Truly, Sagay’s allegation of corruption against the NDDC cannot be said to be out of place. Corruption is generally believed to be the major factor that has hindered the performance of the agency since it was established by former President Olusegun Obasanjo in year 2000. And this is responsible for the inability of the commission to attain its core mandate of ensuring a total, holistic and sustainable regional development. Those who have been put in charge of the commission before now seemed to have only helped themselves with the funds meant for the advancement of the oil-rich zone, leaving the manifold problems confronting the region to remain unabated and the people in abject poverty and impoverishment.

The quest for a better and refocused NDDC that will have the interest of the people at heart and fundamentally address the daunting challenges facing the region was the reason why the appointment of Senator Ndoma-Egba, ex-Senate Leader and Obong Ekere, former Akwa-Ibom State Deputy Governor as Chairman and MD of the interventionist agent respectively, was described by many as a welcome development. The entire Niger Delta erupted in jubilation and the people of the region hailed President Muhammadu Buhari for making the right choice in Ndoma-Egba and Ekere. The duo are seen as men of integrity who will bring their wealth of experience to bear in changing the narrative of the Niger Delta for the benefit of the people.

The new leadership of the NDDC under Ndoma-Egba and Ekere is not oblivious of the fact that the agency has been a den of corruption where nothing seemed to have worked well in the interest of the people. The twosome have, however, left no one in doubt that they have the capacity to rebrand and reposition the commission for better performance with the various moves they have made since their inauguration in November last year.  

At a three-day retreat of the Commission in Onne, Rivers State, Ekere revealed that despite the expenditure of a whopping $40 billion on capital projects, the agency was still unable to realize its 15-year master plan. There is virtually nothing on ground in the region to show that such an amount which represents 80% of the $50 billion required to actualize the vision for Niger Delta has been expended. The NDDC MD in a paper he delivered at the retreat which had stakeholders of the region in attendance argued that for the agency to maximally achieve the purpose for its creation, it must first and foremost confront and tame what he called “the dangerous beasts” that are impeding development and progress at the commission.  

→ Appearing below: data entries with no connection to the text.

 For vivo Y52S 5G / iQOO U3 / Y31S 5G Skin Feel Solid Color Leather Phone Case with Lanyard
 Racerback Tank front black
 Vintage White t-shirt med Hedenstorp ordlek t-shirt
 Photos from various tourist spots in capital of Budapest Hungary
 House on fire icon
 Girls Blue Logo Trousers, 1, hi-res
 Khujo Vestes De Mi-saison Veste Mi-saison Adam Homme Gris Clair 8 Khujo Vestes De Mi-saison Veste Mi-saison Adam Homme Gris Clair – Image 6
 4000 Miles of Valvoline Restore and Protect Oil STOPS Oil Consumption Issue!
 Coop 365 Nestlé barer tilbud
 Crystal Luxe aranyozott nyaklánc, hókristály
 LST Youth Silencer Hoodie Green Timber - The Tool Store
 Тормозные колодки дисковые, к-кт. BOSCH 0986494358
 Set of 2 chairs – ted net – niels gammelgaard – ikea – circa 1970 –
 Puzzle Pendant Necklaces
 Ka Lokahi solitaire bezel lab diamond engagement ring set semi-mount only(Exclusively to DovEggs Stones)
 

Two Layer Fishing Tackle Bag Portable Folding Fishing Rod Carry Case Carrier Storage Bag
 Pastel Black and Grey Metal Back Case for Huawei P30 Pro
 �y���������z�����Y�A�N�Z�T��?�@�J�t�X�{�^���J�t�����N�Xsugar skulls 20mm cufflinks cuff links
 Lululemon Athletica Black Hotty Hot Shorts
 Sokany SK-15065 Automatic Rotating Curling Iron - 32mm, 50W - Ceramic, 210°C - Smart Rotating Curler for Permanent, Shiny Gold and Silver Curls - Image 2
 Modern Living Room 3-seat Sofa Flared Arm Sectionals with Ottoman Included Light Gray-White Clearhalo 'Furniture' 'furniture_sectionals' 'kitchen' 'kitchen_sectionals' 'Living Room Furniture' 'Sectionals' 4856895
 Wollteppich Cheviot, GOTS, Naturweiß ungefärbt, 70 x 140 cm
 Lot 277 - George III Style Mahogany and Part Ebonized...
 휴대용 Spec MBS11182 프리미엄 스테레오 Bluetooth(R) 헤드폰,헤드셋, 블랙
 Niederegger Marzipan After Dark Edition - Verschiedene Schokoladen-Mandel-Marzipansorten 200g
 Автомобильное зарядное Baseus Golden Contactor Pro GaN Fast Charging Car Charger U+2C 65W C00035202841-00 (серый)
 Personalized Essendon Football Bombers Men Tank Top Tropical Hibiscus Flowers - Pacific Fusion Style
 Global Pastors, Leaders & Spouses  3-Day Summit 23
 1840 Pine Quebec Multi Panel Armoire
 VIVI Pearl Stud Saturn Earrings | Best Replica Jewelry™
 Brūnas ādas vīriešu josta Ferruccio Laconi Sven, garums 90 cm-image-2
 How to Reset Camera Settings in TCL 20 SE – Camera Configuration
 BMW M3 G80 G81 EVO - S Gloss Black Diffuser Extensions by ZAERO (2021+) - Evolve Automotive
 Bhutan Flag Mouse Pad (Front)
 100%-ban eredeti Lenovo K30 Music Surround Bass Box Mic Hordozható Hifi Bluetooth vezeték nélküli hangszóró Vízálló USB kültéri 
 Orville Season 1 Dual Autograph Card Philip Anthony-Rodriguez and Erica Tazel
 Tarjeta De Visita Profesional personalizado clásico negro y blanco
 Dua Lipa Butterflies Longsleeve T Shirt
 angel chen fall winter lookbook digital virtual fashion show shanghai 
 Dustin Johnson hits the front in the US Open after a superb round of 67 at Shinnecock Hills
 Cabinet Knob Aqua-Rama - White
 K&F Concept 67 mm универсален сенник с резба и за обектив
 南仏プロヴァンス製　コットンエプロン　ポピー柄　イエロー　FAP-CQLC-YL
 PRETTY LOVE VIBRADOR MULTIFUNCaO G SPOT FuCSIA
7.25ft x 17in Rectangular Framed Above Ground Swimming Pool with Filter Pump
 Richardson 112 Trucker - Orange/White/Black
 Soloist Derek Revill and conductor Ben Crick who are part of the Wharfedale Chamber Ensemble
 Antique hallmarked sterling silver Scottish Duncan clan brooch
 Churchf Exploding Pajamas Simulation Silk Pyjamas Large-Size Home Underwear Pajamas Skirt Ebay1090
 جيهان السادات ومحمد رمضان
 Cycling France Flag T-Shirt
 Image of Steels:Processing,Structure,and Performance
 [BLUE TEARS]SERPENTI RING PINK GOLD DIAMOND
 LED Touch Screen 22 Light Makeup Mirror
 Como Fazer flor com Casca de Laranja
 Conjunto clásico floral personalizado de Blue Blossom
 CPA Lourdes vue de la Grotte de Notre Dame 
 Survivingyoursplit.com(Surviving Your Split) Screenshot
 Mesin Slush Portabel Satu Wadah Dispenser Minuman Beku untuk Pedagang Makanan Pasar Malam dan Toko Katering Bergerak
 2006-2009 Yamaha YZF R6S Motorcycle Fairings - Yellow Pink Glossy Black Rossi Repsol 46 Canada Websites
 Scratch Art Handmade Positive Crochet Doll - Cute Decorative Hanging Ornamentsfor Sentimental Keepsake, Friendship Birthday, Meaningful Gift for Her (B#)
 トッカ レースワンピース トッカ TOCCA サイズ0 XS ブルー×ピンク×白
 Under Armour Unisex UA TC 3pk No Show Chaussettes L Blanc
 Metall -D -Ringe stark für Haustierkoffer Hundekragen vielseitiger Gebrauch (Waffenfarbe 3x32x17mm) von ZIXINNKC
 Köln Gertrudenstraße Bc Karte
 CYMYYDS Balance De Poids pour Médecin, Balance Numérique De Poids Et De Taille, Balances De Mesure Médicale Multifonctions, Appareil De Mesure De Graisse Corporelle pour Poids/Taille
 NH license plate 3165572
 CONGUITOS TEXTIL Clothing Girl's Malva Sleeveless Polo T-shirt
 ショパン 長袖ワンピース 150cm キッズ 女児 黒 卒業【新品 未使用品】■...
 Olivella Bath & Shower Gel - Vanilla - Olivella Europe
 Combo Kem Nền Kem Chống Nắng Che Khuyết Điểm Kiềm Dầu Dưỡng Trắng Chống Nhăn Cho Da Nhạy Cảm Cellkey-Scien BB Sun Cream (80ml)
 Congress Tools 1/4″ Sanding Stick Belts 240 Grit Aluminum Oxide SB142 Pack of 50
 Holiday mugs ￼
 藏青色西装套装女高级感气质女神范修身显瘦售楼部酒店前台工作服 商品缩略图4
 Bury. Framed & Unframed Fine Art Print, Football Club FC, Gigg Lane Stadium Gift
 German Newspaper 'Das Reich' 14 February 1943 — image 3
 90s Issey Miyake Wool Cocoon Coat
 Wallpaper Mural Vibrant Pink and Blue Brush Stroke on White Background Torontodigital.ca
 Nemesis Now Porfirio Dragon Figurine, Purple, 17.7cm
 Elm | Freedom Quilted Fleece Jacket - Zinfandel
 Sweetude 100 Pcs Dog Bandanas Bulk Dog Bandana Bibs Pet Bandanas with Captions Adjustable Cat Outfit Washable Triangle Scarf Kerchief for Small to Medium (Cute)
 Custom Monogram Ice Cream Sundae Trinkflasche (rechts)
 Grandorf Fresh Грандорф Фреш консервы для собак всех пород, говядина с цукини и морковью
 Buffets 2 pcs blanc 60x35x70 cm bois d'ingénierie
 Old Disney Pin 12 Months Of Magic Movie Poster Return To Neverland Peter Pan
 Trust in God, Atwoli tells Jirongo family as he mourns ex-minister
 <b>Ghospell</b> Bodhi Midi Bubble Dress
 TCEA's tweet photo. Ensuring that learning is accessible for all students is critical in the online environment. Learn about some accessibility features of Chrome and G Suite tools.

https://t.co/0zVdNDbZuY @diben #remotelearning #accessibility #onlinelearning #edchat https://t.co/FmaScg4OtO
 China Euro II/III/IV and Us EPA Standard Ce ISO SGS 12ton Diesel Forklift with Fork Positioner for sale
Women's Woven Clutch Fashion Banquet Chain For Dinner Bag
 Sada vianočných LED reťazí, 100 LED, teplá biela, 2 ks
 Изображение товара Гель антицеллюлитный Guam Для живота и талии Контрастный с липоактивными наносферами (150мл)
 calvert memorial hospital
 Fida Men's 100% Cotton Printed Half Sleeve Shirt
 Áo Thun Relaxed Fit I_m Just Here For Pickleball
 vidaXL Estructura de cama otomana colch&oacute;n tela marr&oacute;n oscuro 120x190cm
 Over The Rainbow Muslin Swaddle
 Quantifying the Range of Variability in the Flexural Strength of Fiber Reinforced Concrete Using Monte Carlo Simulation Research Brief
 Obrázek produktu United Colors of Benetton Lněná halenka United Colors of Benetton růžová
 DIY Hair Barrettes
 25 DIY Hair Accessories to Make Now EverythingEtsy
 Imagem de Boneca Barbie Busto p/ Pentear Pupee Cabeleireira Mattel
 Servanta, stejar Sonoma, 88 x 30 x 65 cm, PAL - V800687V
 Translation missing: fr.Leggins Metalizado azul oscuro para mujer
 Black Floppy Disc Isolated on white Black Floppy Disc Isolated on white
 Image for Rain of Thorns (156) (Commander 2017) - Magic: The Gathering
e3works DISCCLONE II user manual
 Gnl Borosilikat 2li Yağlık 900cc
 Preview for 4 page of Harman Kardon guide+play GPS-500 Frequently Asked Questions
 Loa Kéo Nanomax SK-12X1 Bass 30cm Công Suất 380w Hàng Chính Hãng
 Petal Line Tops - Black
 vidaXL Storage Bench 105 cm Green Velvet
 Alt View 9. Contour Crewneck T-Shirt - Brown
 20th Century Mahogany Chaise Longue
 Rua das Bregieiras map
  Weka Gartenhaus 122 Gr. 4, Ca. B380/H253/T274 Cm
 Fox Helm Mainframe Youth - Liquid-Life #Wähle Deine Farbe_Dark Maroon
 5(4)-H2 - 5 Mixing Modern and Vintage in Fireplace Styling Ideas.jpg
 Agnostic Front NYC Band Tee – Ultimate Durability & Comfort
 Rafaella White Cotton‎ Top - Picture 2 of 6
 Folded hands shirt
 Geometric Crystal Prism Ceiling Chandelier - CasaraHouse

Before the retreat, Ndoma-Egba had at the inaugural meeting of the new NDDC board said: “The Commission lost its focus as a development commission or agency and has rather acquired the reputation, rightly or wrongly, of a contract awarding factory or machine, delivering little impactful development to the Region.

“We are coming on board at a very challenging time. The public image of the Commission is not edifying. The militancy, restlessness and lack of development are most unnerving. We must rebrand the Commission and change the public perception of it as a slush fund and this we must do through our honest work and single minded focus and discipline… We must see our appointments as a life time opportunity to make a real difference in the lives of the ordinary people of the region and write our names in gold for posterity and not an opportunity for our own slice of the proverbial national cake or short term benefits. We should keep our eyes on history.”